With an exasperated sigh, I turned my back and walked towards the exit. I felt as though I had seen enough... but I found to my perplexity that the forcible drive of the Angel itself kept beating at the back of my mind. Would to heaven I had quietly left the place before allowing my sight to rest again on its form, I most definitely would not be here to write these words for you. It is a wonder that I did not scream, become paralyzed, or collapse into a wild scramble, but somehow I failed to do even that. I actually managed to leave the Museum in a calmly manner, without a sense of dread or horror, but rather, in an oddly composed constitution of amazement.

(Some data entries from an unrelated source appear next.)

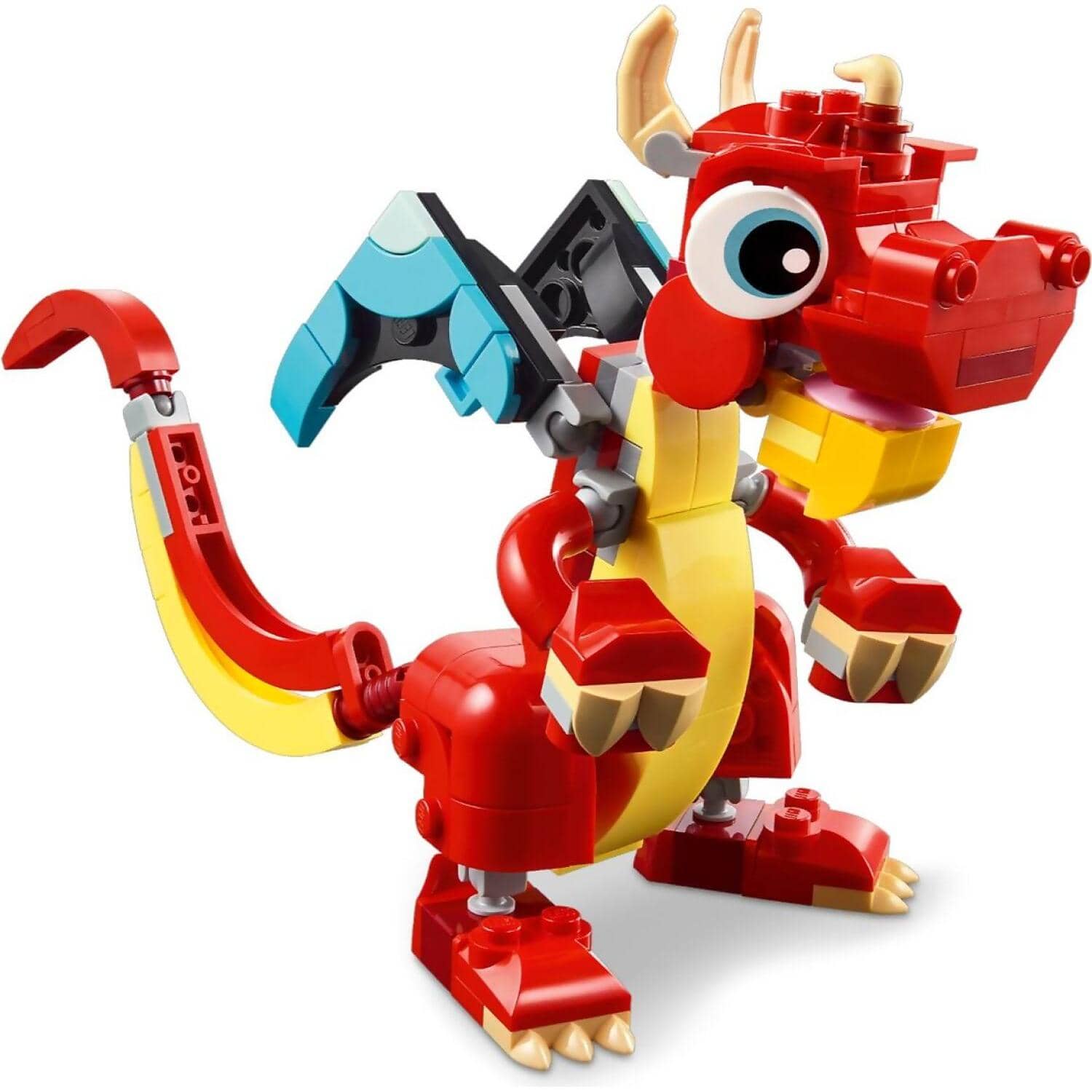 LEGO® 31145 Red Dragon - Creator 3in1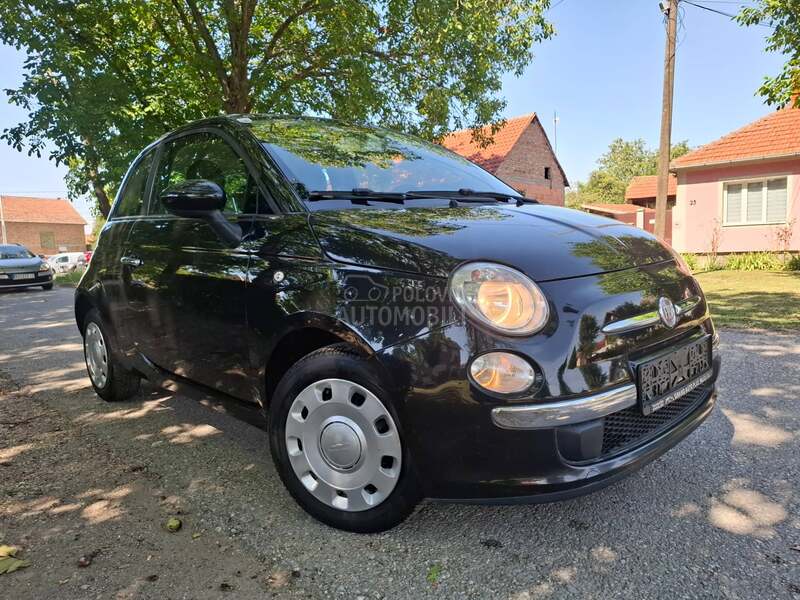 Fiat 500 1.2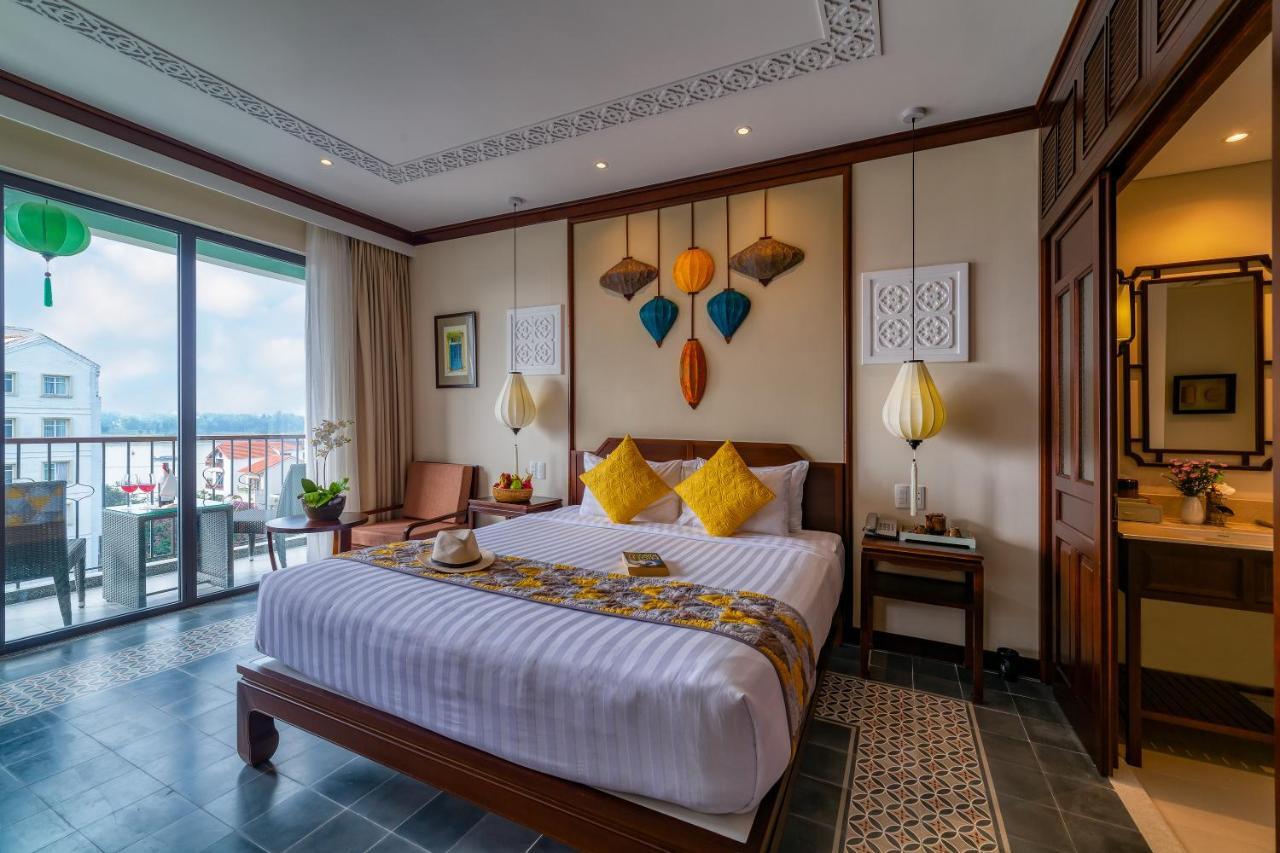 Cozy Savvy Boutique Hotel Hoi An Bagian luar foto Deluxe Ocean View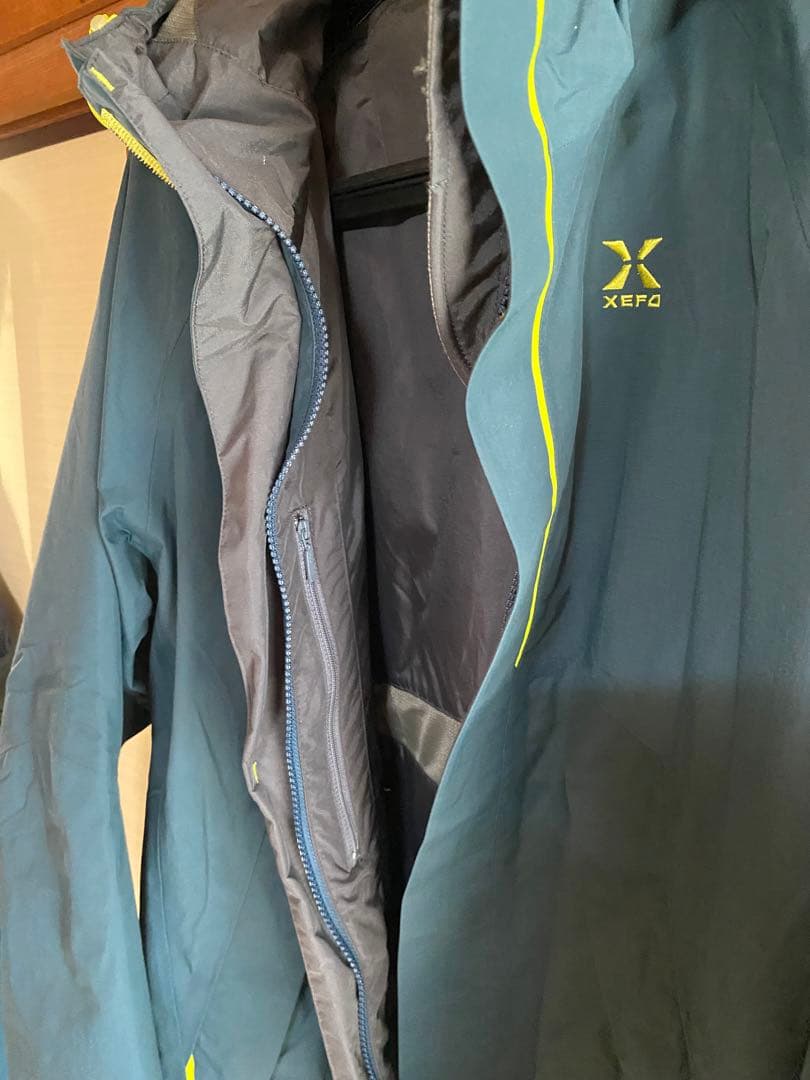 ＳＨＩＭＡ NＯ　ＺＥF O レインウェア　3L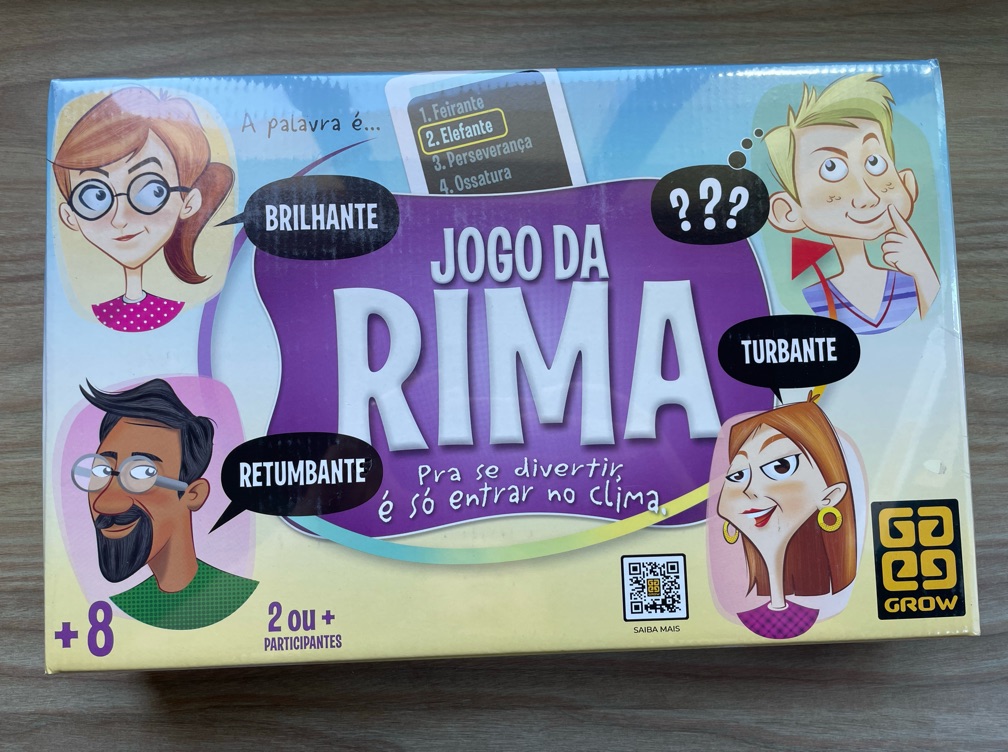 Jogo da Rima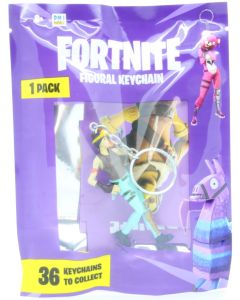 Fortnite Tildas Figural Keychain Rare 04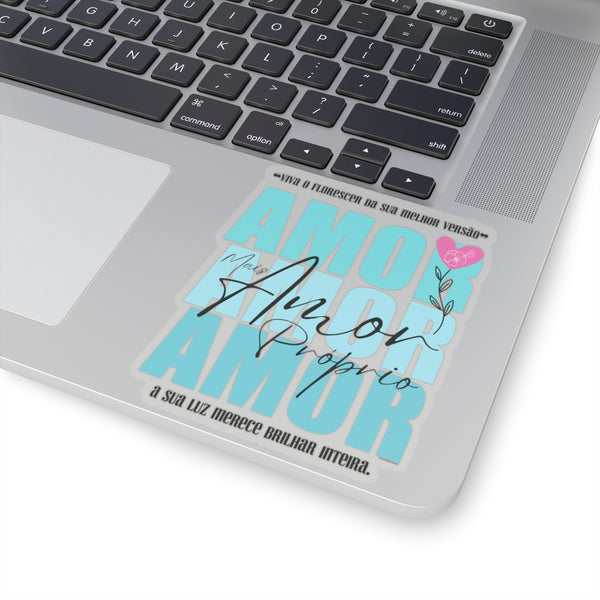 ♡ Mais Amor Próprio .: Kiss-Cut Stickers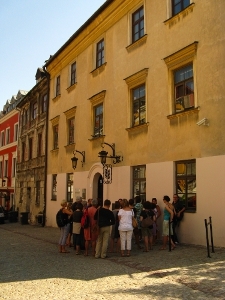 Nauczanie o Holokauście w miejscach pamięci. Europejskie Seminarium II Stopnia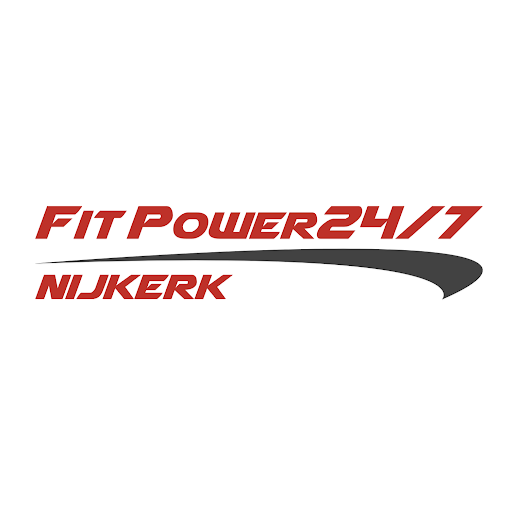 FitPower 24/7 Nijkerk logo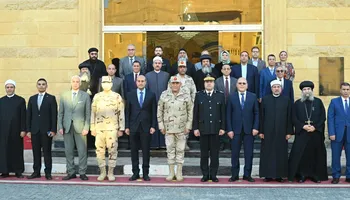 جانب من الحفل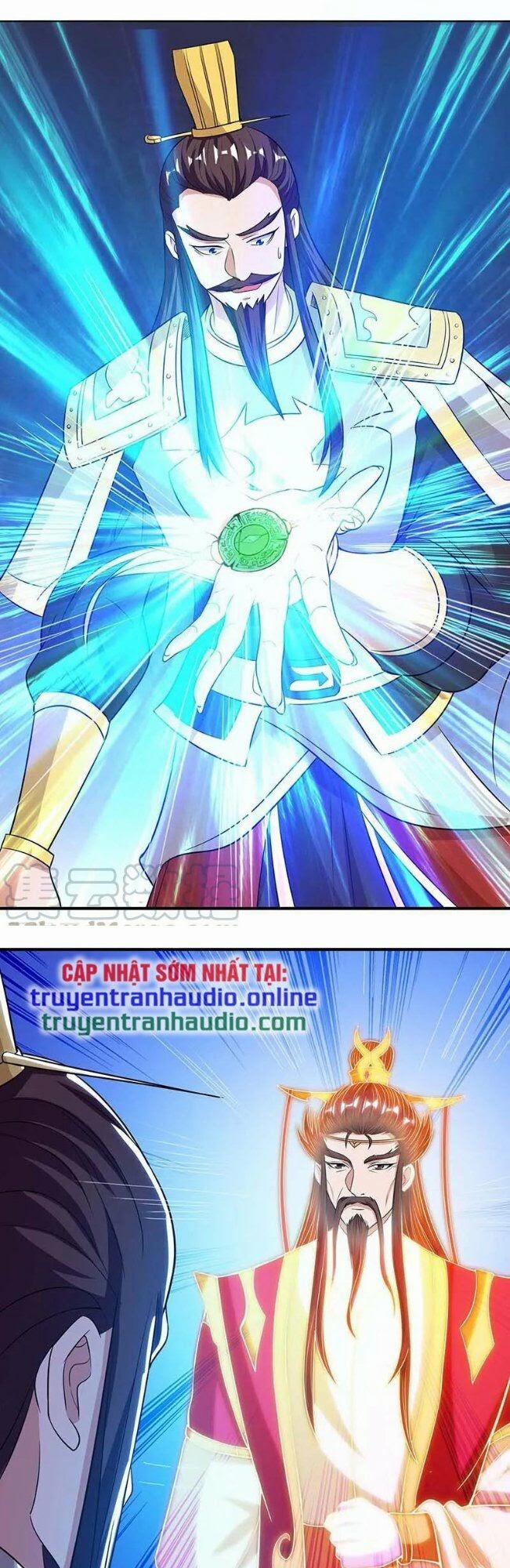 Trọng Sinh Sau Tám Vạn Năm 119 trang 6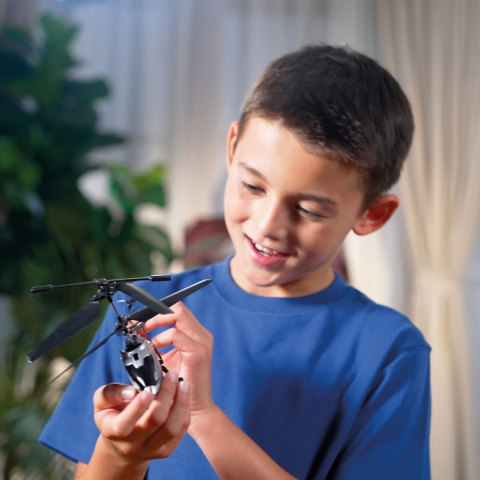 SILVERIT FLYBOTIC SKY AURORA ELICOPTER CU TELECOMANDA [2]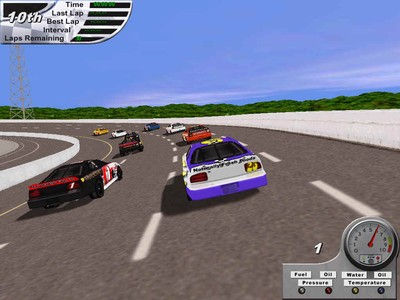 USAR Hooters ProCup Racing - screenshot 4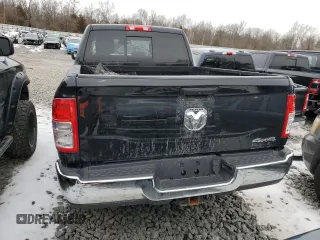 2019 Ram 2500 Tradesman with VIN 3C6UR5CJ0KG633225, listed as a Copart auction lot 43246005 with 118,000 mi miles and Salvage Title. Bid and sale history available at carsss.com. Image 6.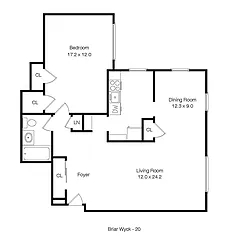 Rented by D S J Realty LLC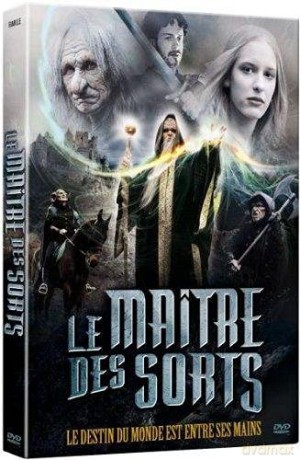 Max Magician and the Legend of the Rings [DVD]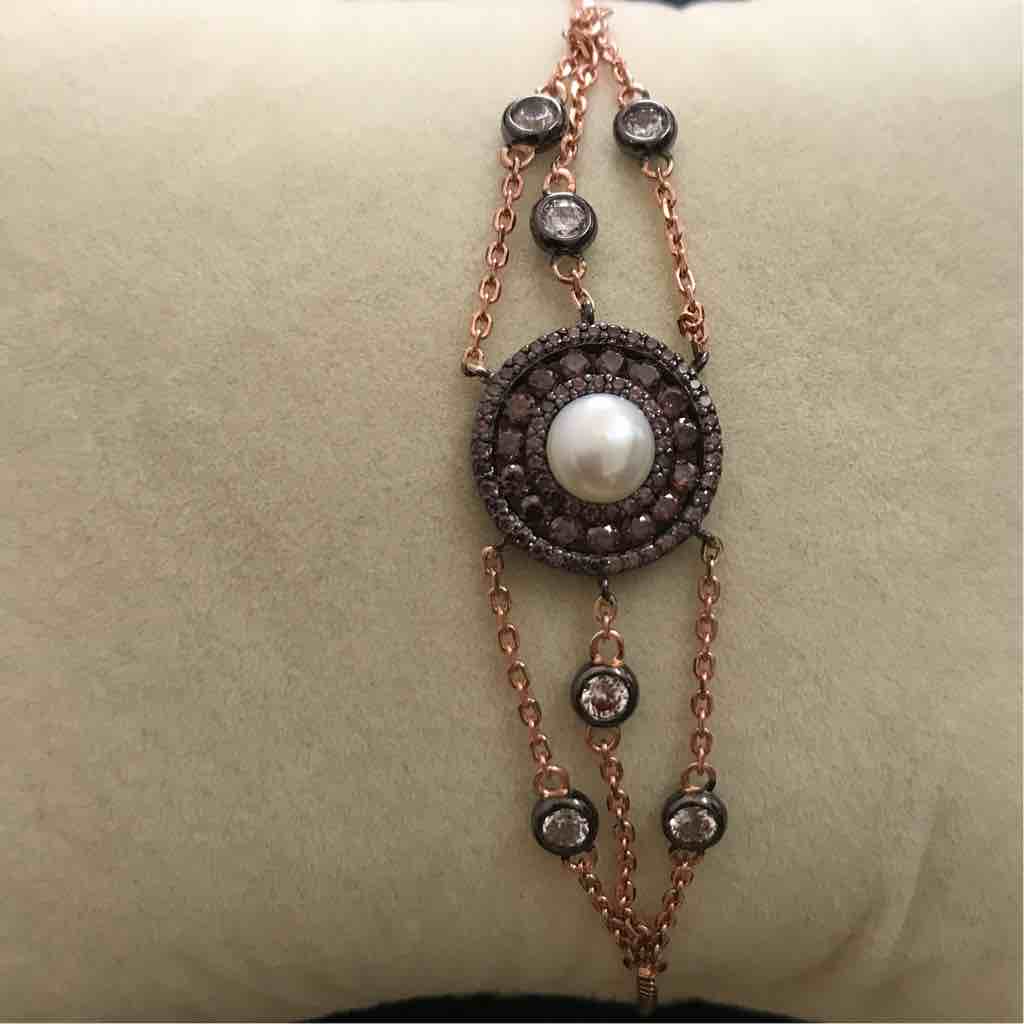 Italian ladies bracelet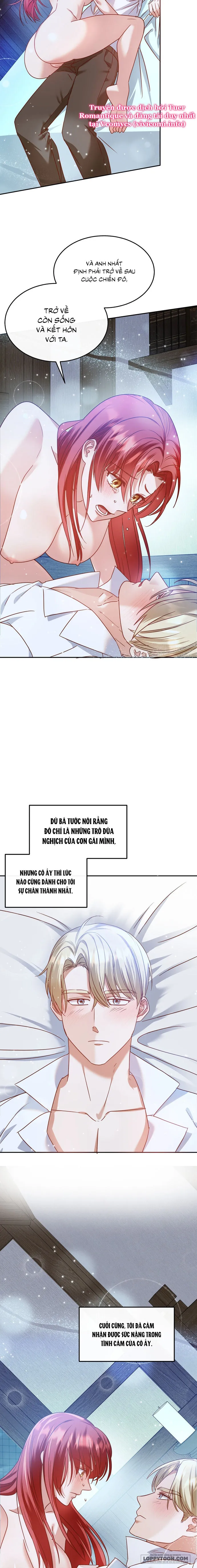 Trò Đùa Xấu Xa Của Tiểu Thư - Chap 5 - 🔞🔞🔞 - Hoàn - Trang 5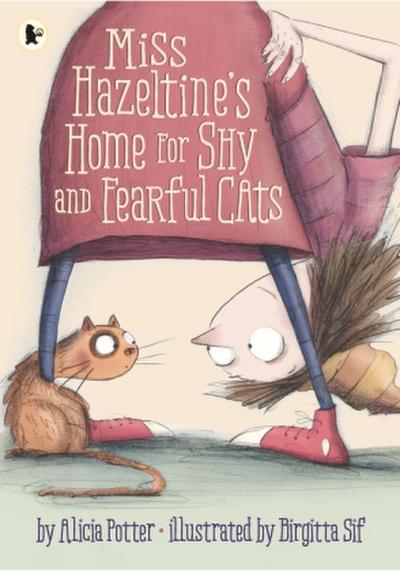 Miss Hazeltine’s Home for Shy and Fearful Cats
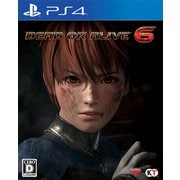 DEAD OR ALIVE 6 [PS4ソフト]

As I have implied, before my leave, I gazed once more upon the Weeping Angel statue; then noticing for the first time the movement of the Angel itself. Whereas its head was originally hidden within the crook of its arm, it was now looking up, straight towards me. Once again, it was not in its malicious form with brimming razor fangs or demonic twisted claws- it had a look of stoicism, and since it was the first time I had seen it move, I was altogether hooked with engaged curiosity. It left an uneasy ripple of surprise, for there was nothing of actual visual horror about it. The intrigue was in what it led one to infer.
The face- perfect to the last, subtle detail of resemblance and identity- was the face of my friend Richard Drumlins!
Once I had blinked, however, it had returned to it's original placement.